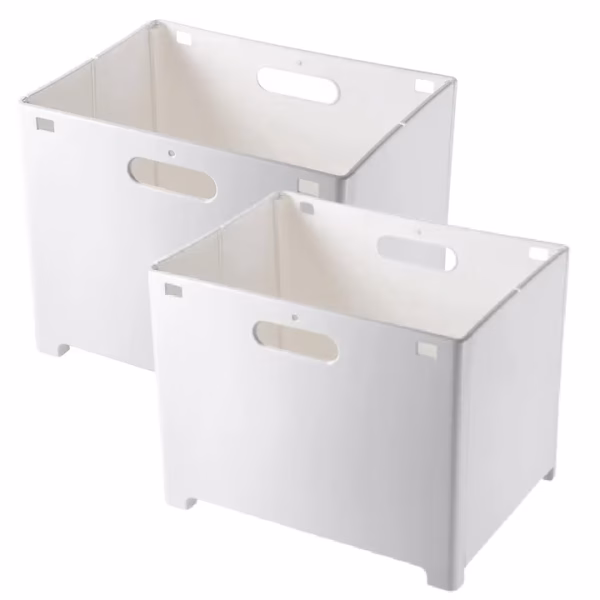 Set 2 Cutii de Depozitare , Capacitate 7, 8L si 31, 35L, dimensiuni 28x18x15, 5 cm si 38x30x27, 5 cm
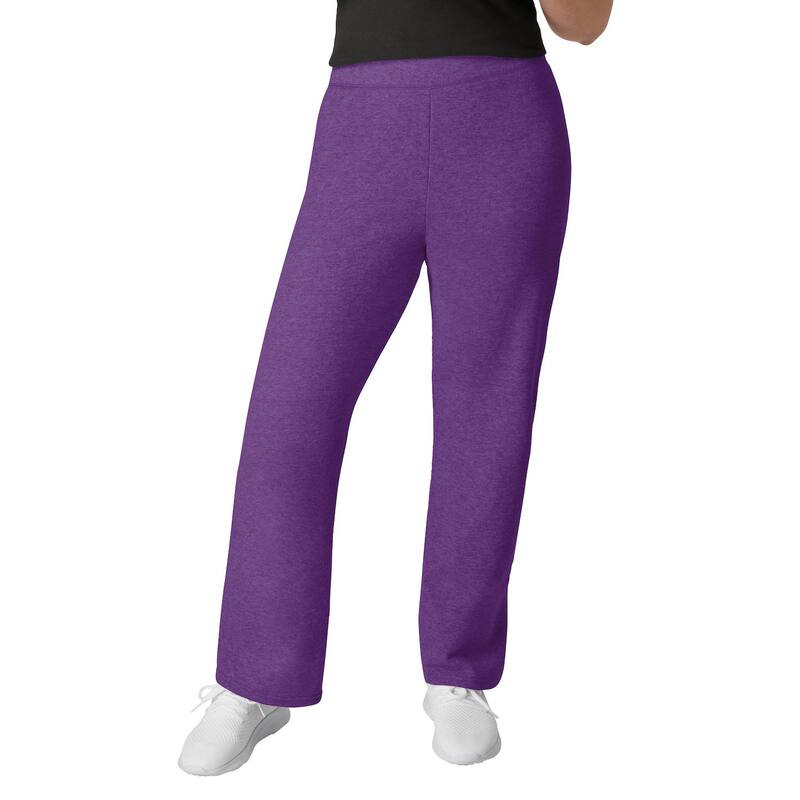ヘインズ レディース ボトムス カジュアルパンツ スウェットパンツ フリース Women's Hanes Open-Bottom Fleece Sweatpants Violet Splendor バイオレット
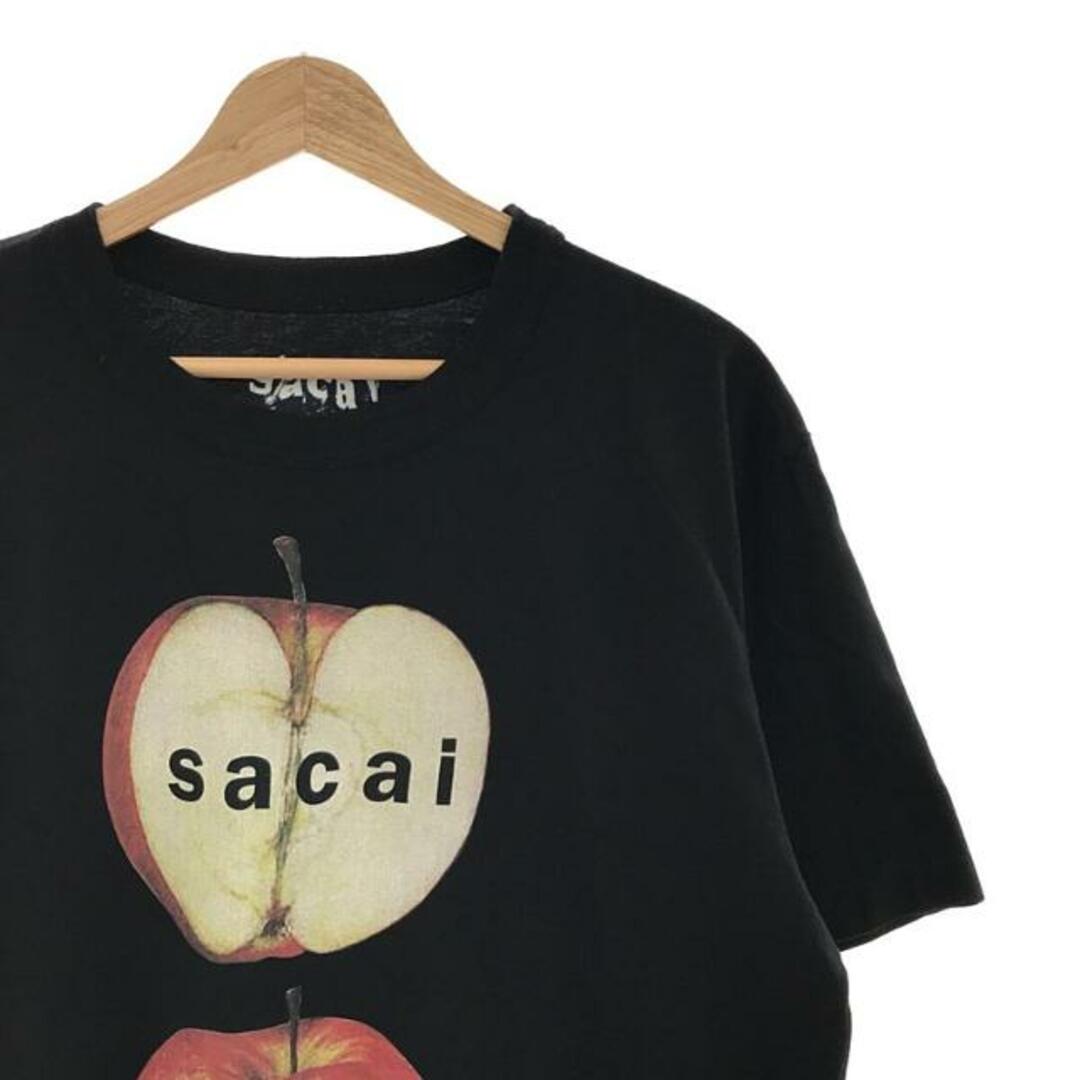 sacai(サカイ)のsacai / サカイ | × UNDERCOVER / アンダーカバー プリントTシャツ | 4 | ブラック | メンズ メンズのトップス(Tシャツ/カットソー(半袖/袖なし))の商品写真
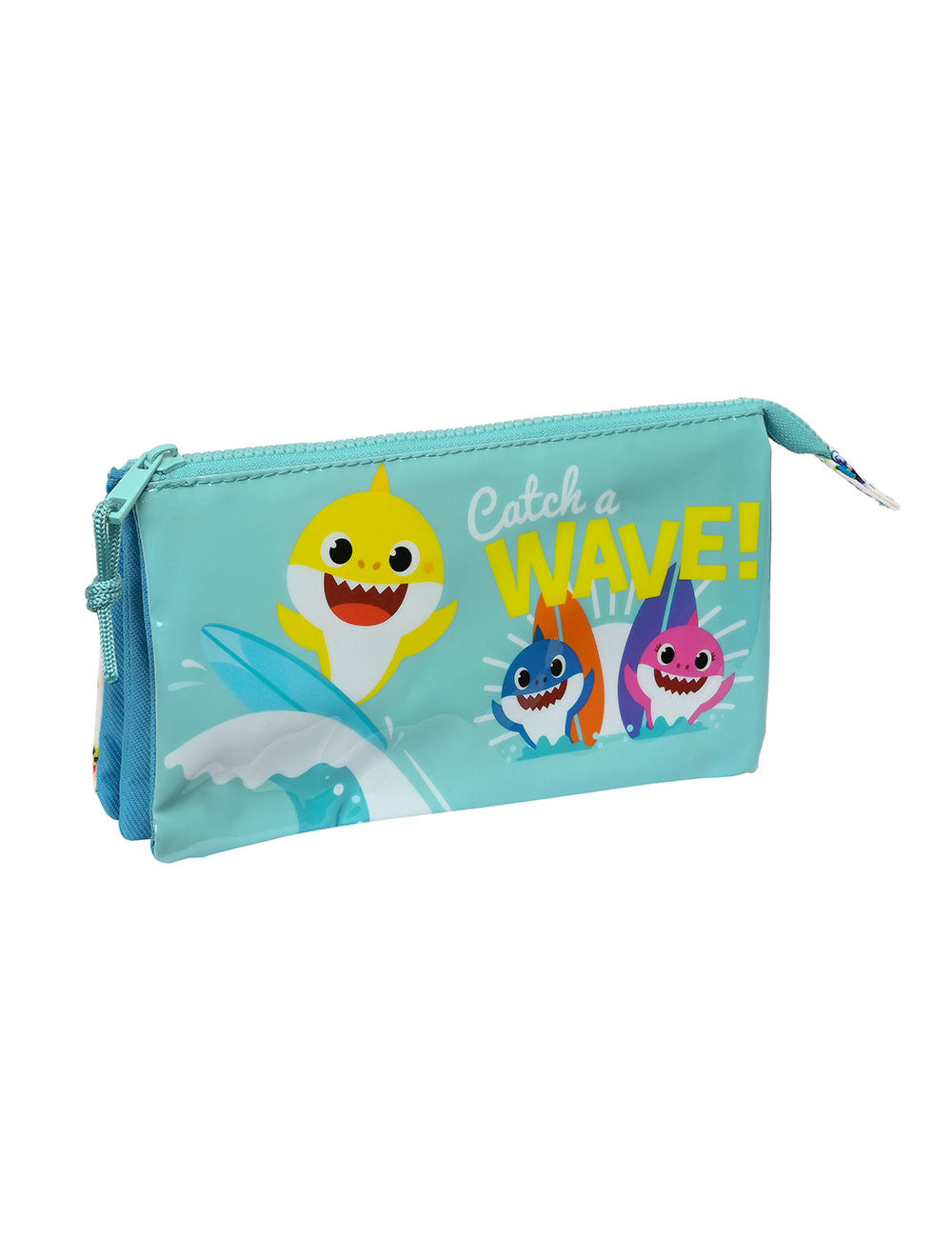 Safta Estuche escolar triple Baby shark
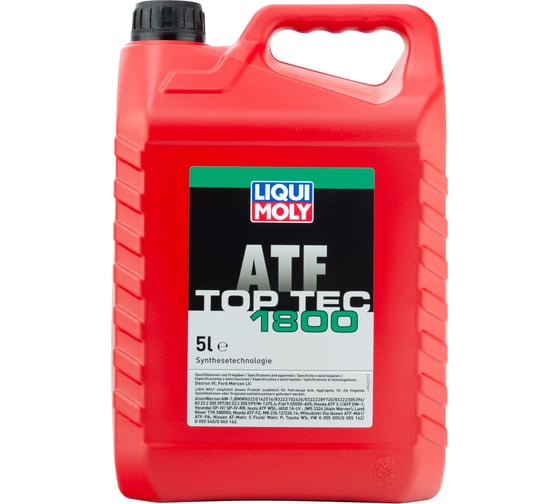НС-синтетическое трансмиссионное масло для АКПП LIQUI MOLY Top Tec ATF 1800, 5 л 21686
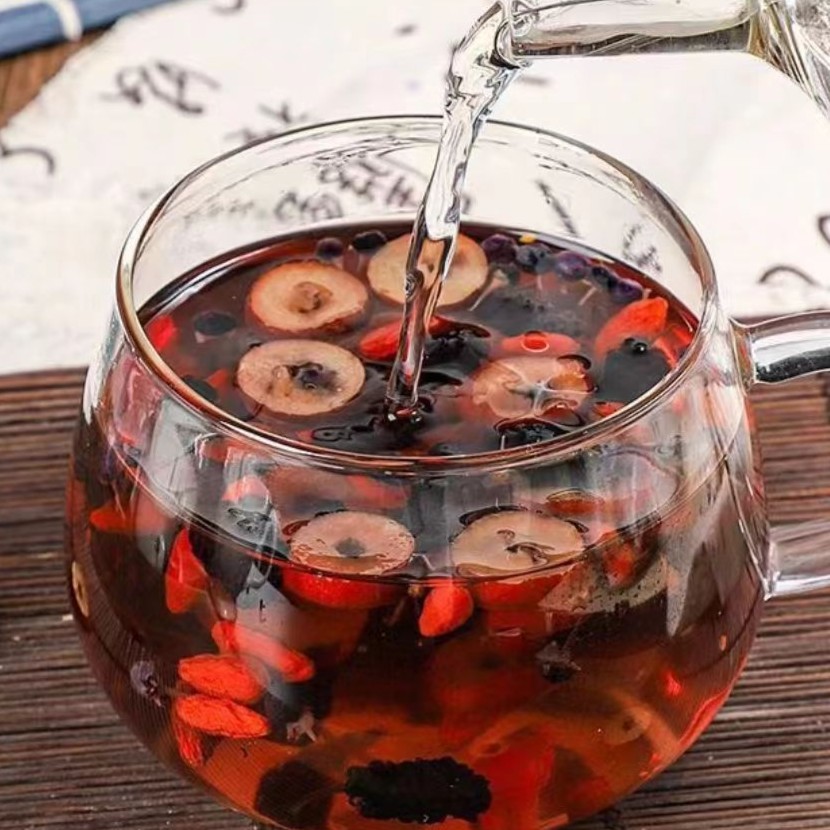 【春节不打烊】红枣干人参干桑葚枸杞男女熬夜茶组合茶秋冬上班网红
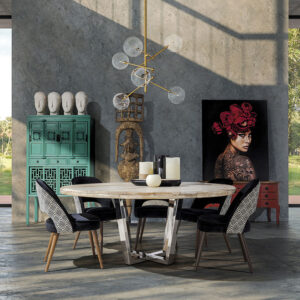 combinado con vidrio. Producto desmontable. Compatible con: 27758.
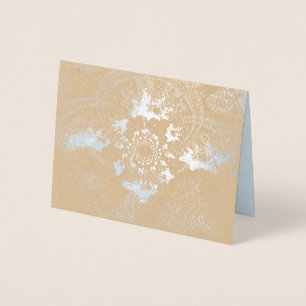 Dorée Carte Silver Foil Note "Up and Beyond" avec envelo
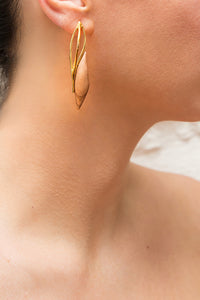 Kelyfos Earring with Olive Wood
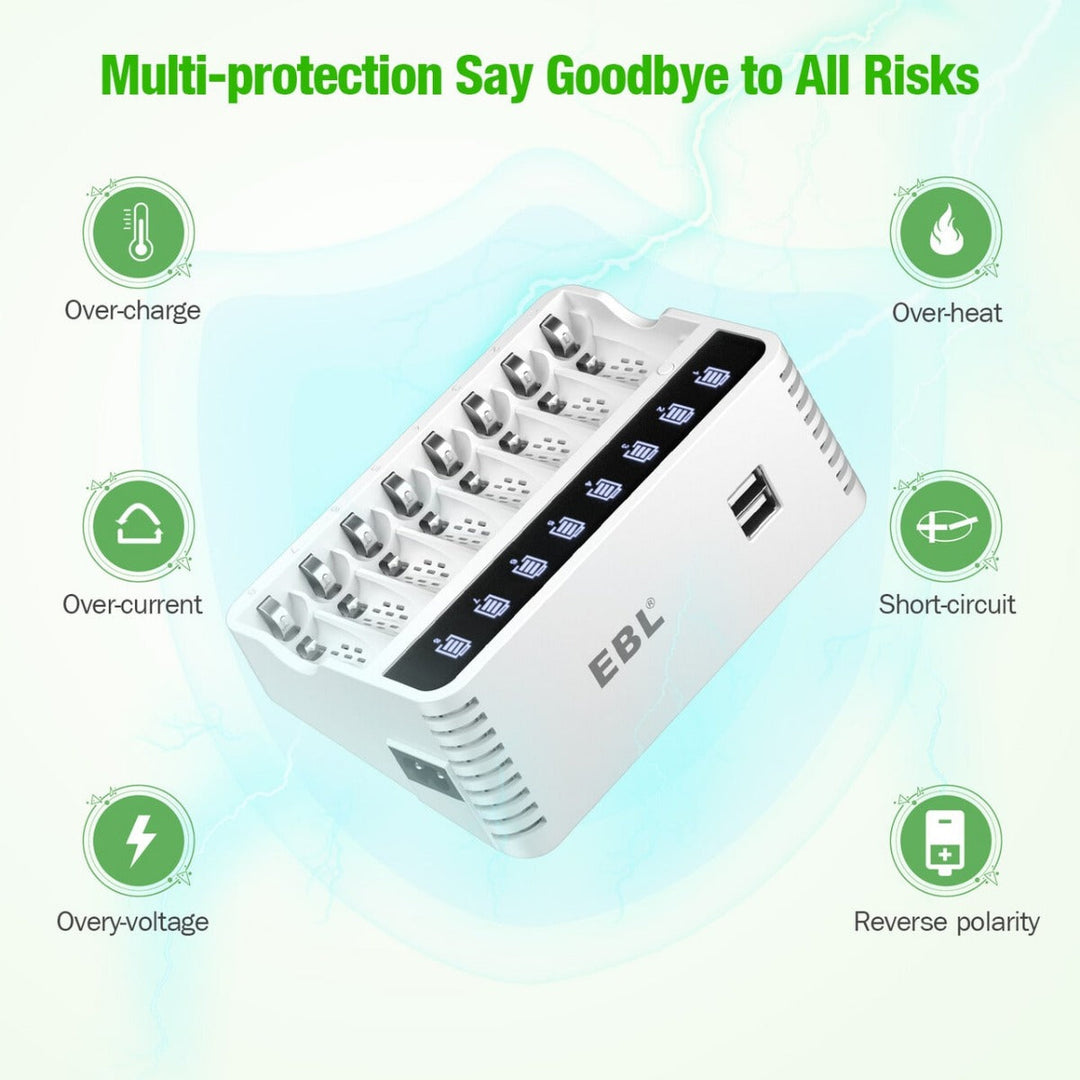 EBL 8 Bay Individual Battery Charger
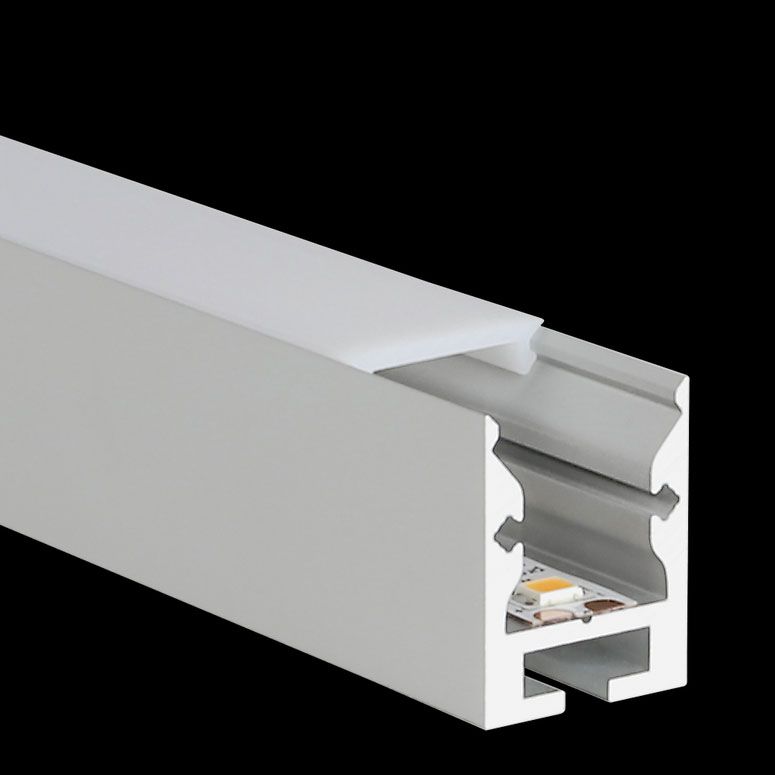 LED Profil S-Line STD24 | 16x20mm | 2m lang | eloxiert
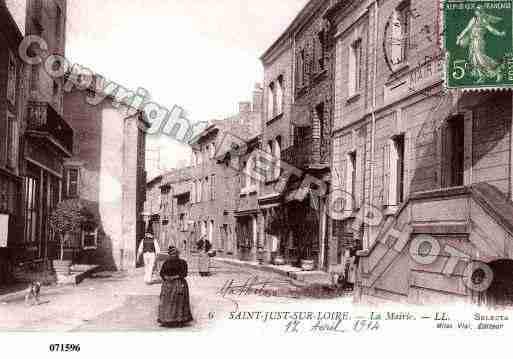 Ville de SAINTJUSTSAINTRAMBERT, carte postale ancienne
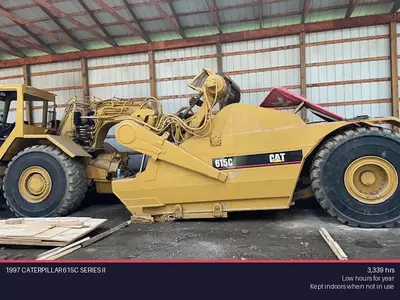 Used 1997 CATERPILLAR 615C SERIES II Scrapers Louisiana US | Proxy Equipment #1378376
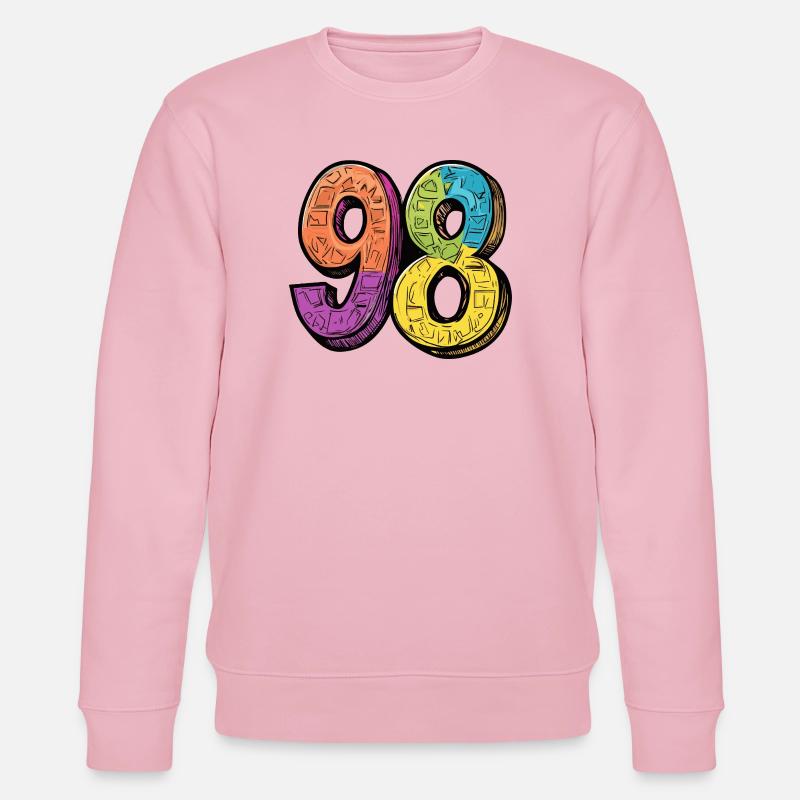 98 Zahl Bunt - Stanley/Stella Unisex Bio-Sweatshirt CHANGER  - Hellrosa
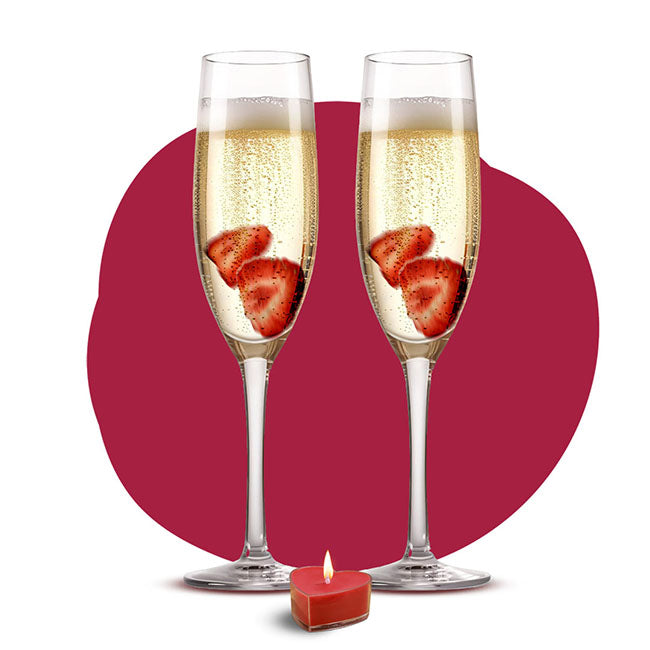 Gefriergetrocknete-Erdbeeren-im-Prosecco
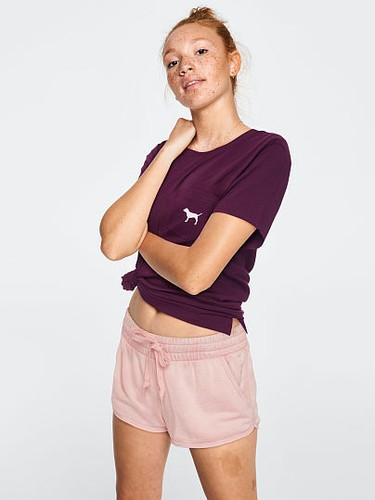 VICTORIA'S SECRET PINK HIGH WAIST TERRY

____

» Problem to work on: Word for word, output the lines from the line bearing "LED Profil S-Line" through the end of the records above, and only those, without the pictures.

» Exercise output:
 LED Profil S-Line STD24 | 16x20mm | 2m lang | eloxiert
 Ville de SAINTJUSTSAINTRAMBERT, carte postale ancienne
 Used 1997 CATERPILLAR 615C SERIES II Scrapers Louisiana US | Proxy Equipment #1378376
 98 Zahl Bunt - Stanley/Stella Unisex Bio-Sweatshirt CHANGER  - Hellrosa
 Gefriergetrocknete-Erdbeeren-im-Prosecco
 VICTORIA'S SECRET PINK HIGH WAIST TERRY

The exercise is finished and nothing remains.